Traditionally, federal organizations, as with most organizations, stored their data in their own, on-premises data centers. With the introduction of the cost-saving benefits of the cloud, however, many agencies wanted to move their data to the cloud environment. In an effort to make sure this was done in a safe and secure manner, FedRAMP was introduced.

But the caveat, Federal organizations and their data come in a wide variety in regards to complexity of operations, differing technological requirements, funding and resources. By forcing a blanket regulation upon a vast spectrum of organizations, FedRAMP places an unnecessary burden on federal organizations’ efforts to move to the cloud.

Meanwhile, the regulatory organization itself is significantly understaffed and underfunded, making the compliance process for cloud service providers costly and time consuming. Undergoing the FedRAMP certification process can last anywhere from six months to two years and cost millions. These costs are then passed on to the government agencies being forced to used specific approved cloud service providers creating a hamster wheel of inefficiencies. Similar to the Healthcare marketplace, the FedRAMP marketplace restricts cloud products and services allowed to be used by U.S. Government entities to only vendors that can clear the high barriers to participate.

Passing the Costs On To You

Since the financial hurdle is steep to become one of FedRAMP’s approved cloud providers, cloud providers then charge government agencies more to make up for their time and efforts. The costs are then passed along from government entities to taxpayers. Since options are limited in the FedRAMP marketplace, often agencies are forced to pay significantly high prices for the solutions that have approval. This is a waste of taxpayer money and also negates the original intention of cost savings in moving to cloud.

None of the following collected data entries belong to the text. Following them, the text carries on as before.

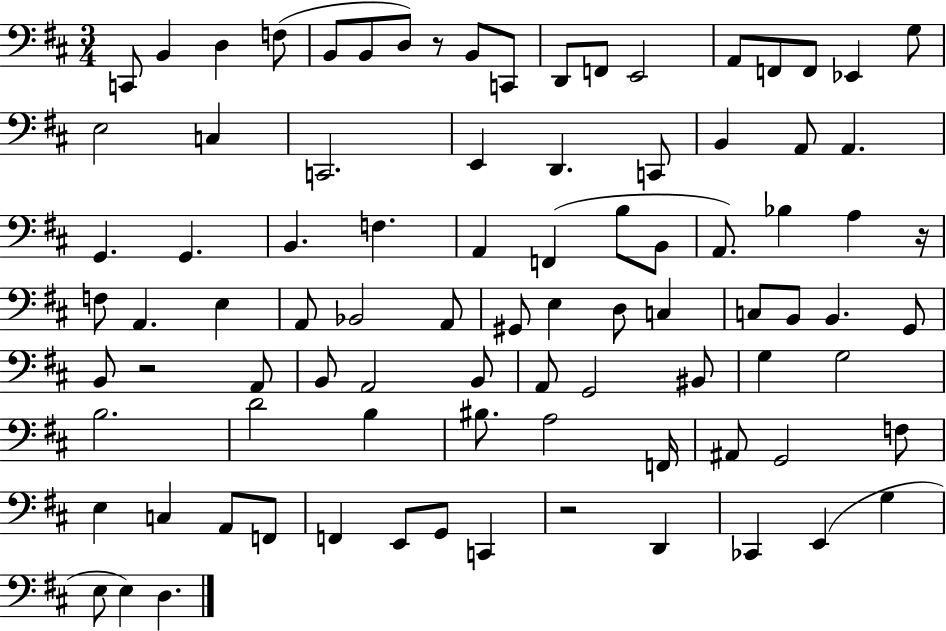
X:1
T:Untitled
M:3/4
L:1/4
K:D
C,,/2 B,, D, F,/2 B,,/2 B,,/2 D,/2 z/2 B,,/2 C,,/2 D,,/2 F,,/2 E,,2 A,,/2 F,,/2 F,,/2 _E,, G,/2 E,2 C, C,,2 E,, D,, C,,/2 B,, A,,/2 A,, G,, G,, B,, F, A,, F,, B,/2 B,,/2 A,,/2 _B, A, z/4 F,/2 A,, E, A,,/2 _B,,2 A,,/2 ^G,,/2 E, D,/2 C, C,/2 B,,/2 B,, G,,/2 B,,/2 z2 A,,/2 B,,/2 A,,2 B,,/2 A,,/2 G,,2 ^B,,/2 G, G,2 B,2 D2 B, ^B,/2 A,2 F,,/4 ^A,,/2 G,,2 F,/2 E, C, A,,/2 F,,/2 F,, E,,/2 G,,/2 C,, z2 D,, _C,, E,, G, E,/2 E, D, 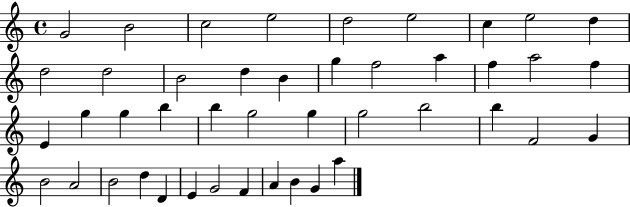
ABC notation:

X:1
T:Untitled
M:4/4
L:1/4
K:C
G2 B2 c2 e2 d2 e2 c e2 d d2 d2 B2 d B g f2 a f a2 f E g g b b g2 g g2 b2 b F2 G B2 A2 B2 d D E G2 F A B G a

The basic problem is that only large cloud services that have resources to go through the lengthy process and spend half a million to $2 million continue to apply for FedRAMP certification. In turn, this limits the choices federal organizations have when selecting cloud service providers. And at the same time, many of the innovations come from startups, not established players. Therefore, it’s not only the cost of the certification process that is passed on to these organizations, but they pay the price in innovation as well. Startups may be able to meet the security requirements of federal organizations, but they will not have resources to get FedRAMP certified.

In the end, given the higher investment costs for certification and the resulting lack of competition, the services with FedRAMP certification are significantly overcharging federal organizations in comparison to the normal market price for such services.

Making Policy Meet Intention

While the intention of FedRAMP may come from a good place, it fails in its execution. Right now, the process is time consuming and expensive for innovative, young companies to participate as it is inherently biased towards established firms that have the budget and resources to apply and adhere. Through inefficiency, it effectively negates the original intention for any organizations primary purpose in moving to the cloud, cost savings.

In order to make FedRAMP work, it needs to be more efficient and that efficiency needs to come at a fraction of the cost. Federal agencies need to have more freedom in choosing and adopting cloud technologies. Instead of forcing federal agencies to move to the cloud, they should be able to wait until there are enough choices available and the value naturally exists. Stepping back, instead of identifying cloud adoption as the end goal, take a broader approach to modernize data infrastructure, increase security, productivity and reduce costs. Letting agencies organically make moves to reduce costs may involve other methods instead of cloud adoption.

Regulations needs to reflect the reality on the ground of the organizations it intends to protect. In the particular case of FedRAMP, the marketplace needs to be incentivized for companies to join and build critical mass of suppliers and buyers to lower the costs of certification. More choices available to meet the unique needs of different governmental organizations encourages innovation and competition. The future of regulations lies in the ability to redesign workflows for a new, efficient and lean world. And that’s the true nature of progress.